Look for the line with "Step 4: Box" in the data below, then reproduce word for word that line and every line after it. Leave out all pictures and add nothing.

RECORDED DATA
================

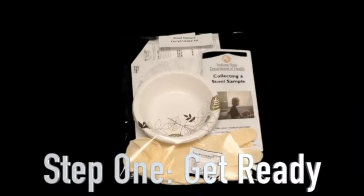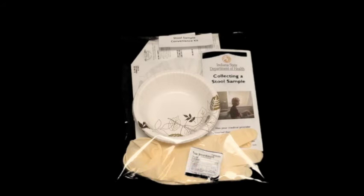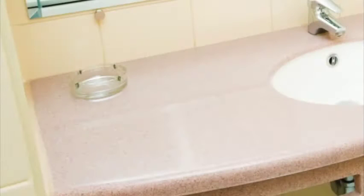Step 1: Get ready. Before you begin, let's make sure you have everything you need. Remember, you'll need to use a new kit for each person and for each sample contribution. Your stool sample convenience kit should include a cardboard and tissue paper liner, a paper bowl, gloves, and an alcohol cleaning pad.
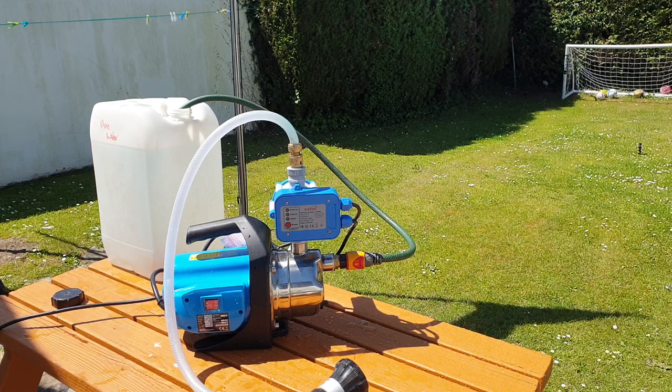This one is made by the Katsu brand, exactly identical to Clark Machine Mart's own brand which is around £59. I picked this one up for £29.99 — they're all the same, all made in China.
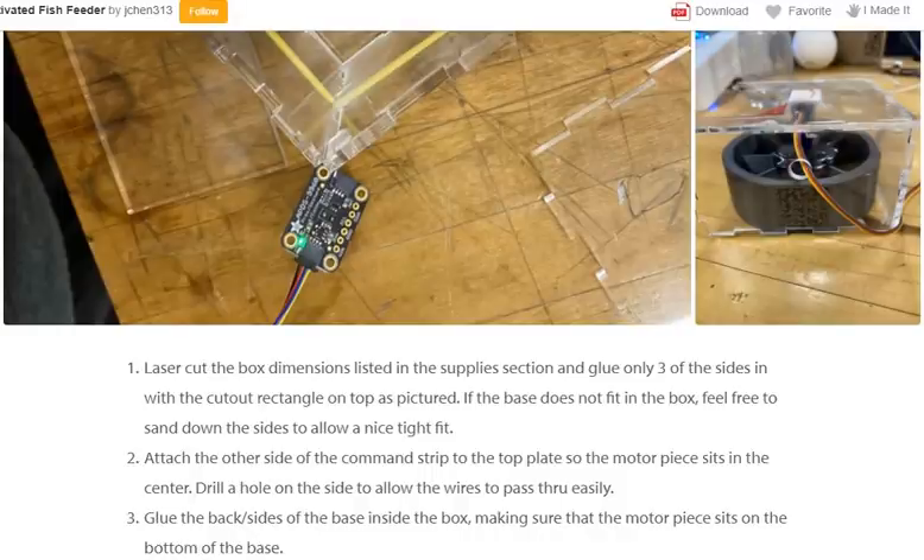Step 4: Box assembly. Laser cut the box to the dimensions listed in the supplies section and glue only 3 of the sides, with the cut-out rectangle on top as pictured. If the base does not fit in the box, sand down the sides to allow a nice tight fit. Attach the other side of the command strip to the top plate so the mortar piece sits in the center. Then glue the back sides of the base inside the box, making sure the mortar piece sits on the bottom of the base.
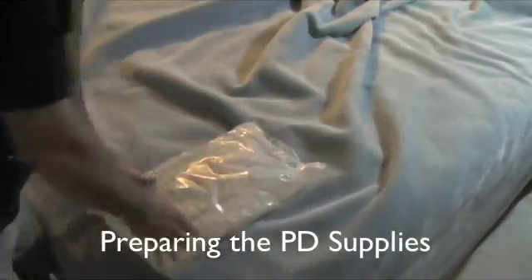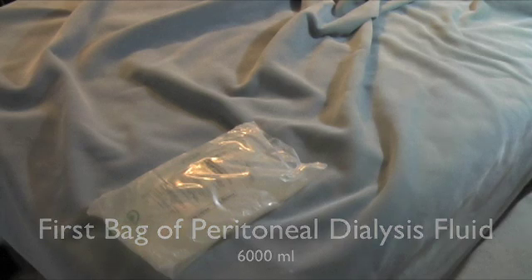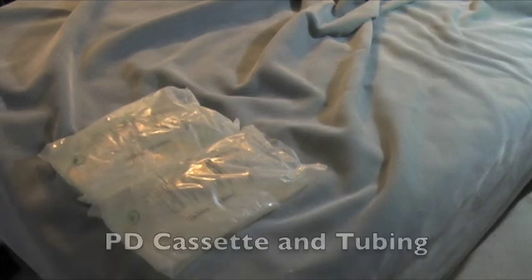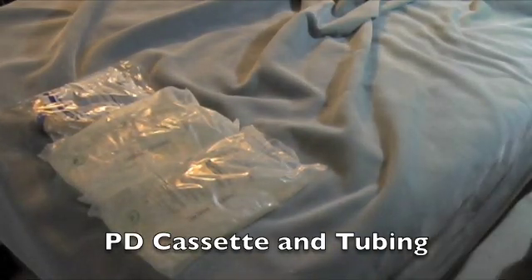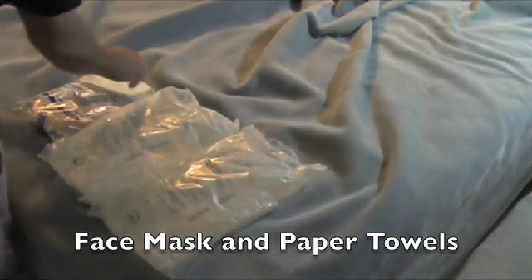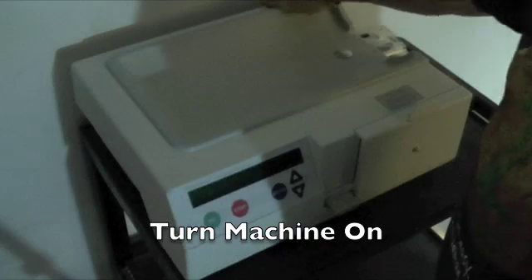The next thing I'm going to do is start preparing my peritoneal dialysis supplies for the cycler. I'm going to take out the bags of fluid I need — in my treatment I use two bags of 6,000 milliliter fluid bags, though other people use three or four bags depending on their treatment. I'll also take out one of the cassette set tubing cases, get my face mask ready, and get paper towels to wipe down the bags of fluid. Now I'm going to turn the machine on and get it ready.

================

WORKED SOLUTION
Step 4: Box assembly. Laser cut the box to the dimensions listed in the supplies section and glue only 3 of the sides, with the cut-out rectangle on top as pictured. If the base does not fit in the box, sand down the sides to allow a nice tight fit. Attach the other side of the command strip to the top plate so the mortar piece sits in the center. Then glue the back sides of the base inside the box, making sure the mortar piece sits on the bottom of the base.
The next thing I'm going to do is start preparing my peritoneal dialysis supplies for the cycler. I'm going to take out the bags of fluid I need — in my treatment I use two bags of 6,000 milliliter fluid bags, though other people use three or four bags depending on their treatment. I'll also take out one of the cassette set tubing cases, get my face mask ready, and get paper towels to wipe down the bags of fluid. Now I'm going to turn the machine on and get it ready.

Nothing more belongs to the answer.